Appendix C Workbook Week 2: LLMs
C.1 How to Build Complixity into a Problem
We briefly discussed the need to layer complexity when trying to model. Lets work through an example of that.
Banksy’s Balloon Model
Have you ever wondered what happens to a helium filled balloon that is released?
What we will do is build a mathematical model of the balloon to help answer this question.
What controls the height at which a the balloon will climb?
\[B(z) = f(\]
Abstraction
What is the simplest form of the problem we could solve?
What assumptions could we make to help us get started?
Neutral Buoyancy
Given the table below and the density information about helium. What height would the balloon get to?
At sea-level conditions (about \(T = 288\,\text{K}\), \(P = 101{,}325\,\text{Pa}\)):
- Helium density:
\[ \rho_{\text{He}} \approx 0.1785\ \text{kg/m}^3 \]

Evaluate and then add complexity
Does this feel right?
What assumptions did we make that might have been too simplistic?
What math model could we apply to add complexity?
Ideal Gas Law
The ideal gas law relates the pressure, volume, temperature, and number of moles of a gas:
\[ PV = nRT \]
Definitions
- \(P\): Pressure of the gas (Pa or atm)
- \(V\): Volume of the gas (m³ or L)
- \(n\): Number of moles of gas (mol)
- \(R\): Ideal gas constant
- \(8.314\ \text{J·mol}^{-1}\text{·K}^{-1}\) (SI units)
- \(0.08206\ \text{L·atm·mol}^{-1}\text{·K}^{-1}\) (common chemistry units)
- \(8.314\ \text{J·mol}^{-1}\text{·K}^{-1}\) (SI units)
- \(T\): Absolute temperature (Kelvin, K)
Notes
- The equation assumes an ideal gas (no inter-molecular forces, particles take up negligible space).
- Works well for helium and other light gases at normal temperatures and pressures.
- Can be rearranged into useful forms, e.g. density:
Flexible Balloon
Let’s let the volume of the balloon change - removing the rigid balloon requirement.
\[ PV = nRT \]
Rearranging for n:
\[ n = \frac{PV}{RT} \]
We know n can’t change as the balloon isn’t leaking.

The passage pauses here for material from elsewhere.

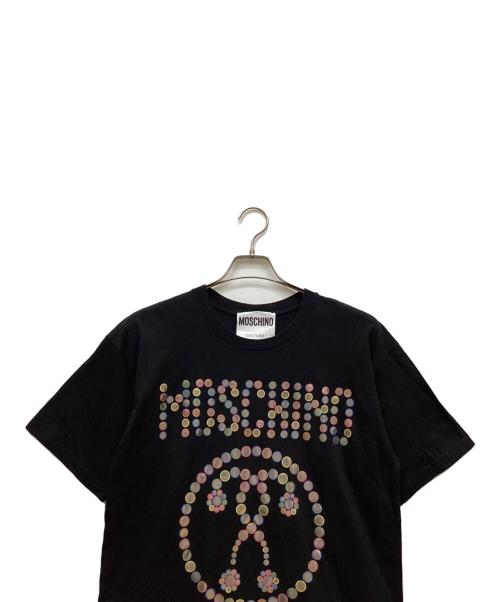 MOSCHINO（モスキーノ）MOSCHINO (モスキーノ) 半袖Tシャツ ブラック サイズ:表記なしの古着・服飾アイテム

So we can think of the balloon in two places
\[ n_{msl} = n_{top} \]
so plug the rest in
\[ \frac{P_1V_1}{T_1}=\frac{P_2V_2}{T_2} \]
Ask ourselves what changes based on out assumptions
What is going to happen to the volume of the balloon as it climbs?
What happens to the density of helium if the volume increases? \[ \rho = \frac{M}{V} \]
Evaluate - Does this make sense?
The next thing is to model where the balloon will land. This tool uses the near term forecast as well as the balloon’s parameters to determine the most likely trajectory.
C.2 LLMs and Modeling Support
C.2.1 Learning Objectives
By the end of this week, students should be able to:
- Explain what large language models (LLMs) are and how they can support simulation and coding.
- Apply prompt engineering techniques to improve model development.
- Use LLMs to re-frame and clarify environmental modeling challenges.
- Critically evaluate when and how it is appropriate to use AI tools in science.
- Incorporate LLMs into workflows for reproducibility, documentation, and troubleshooting in R.
C.2.2 Coding warmup
Pseudo-code and r script activity
Create a script that fits a line of best fit to the following string of 10 numbers
- 6,1,7,2,3,3,9,3,3,0
Create the flexibility in the code to fit a nth order polynomial of your choosing.
Before you run build an expectation
- What do expect the graph to look like with n=1
- n=5
- n=9
- n=12
What evaluation tools/outputs could you create so that you can ‘test’ the output?
Compare your expectations with your output
Compare your outputs with the people around you
C.2.3 What is a Large Language Model
1 min Discussion What is a LLM and how does it work?
Class Discussion What are the dangers of highly parameterized model?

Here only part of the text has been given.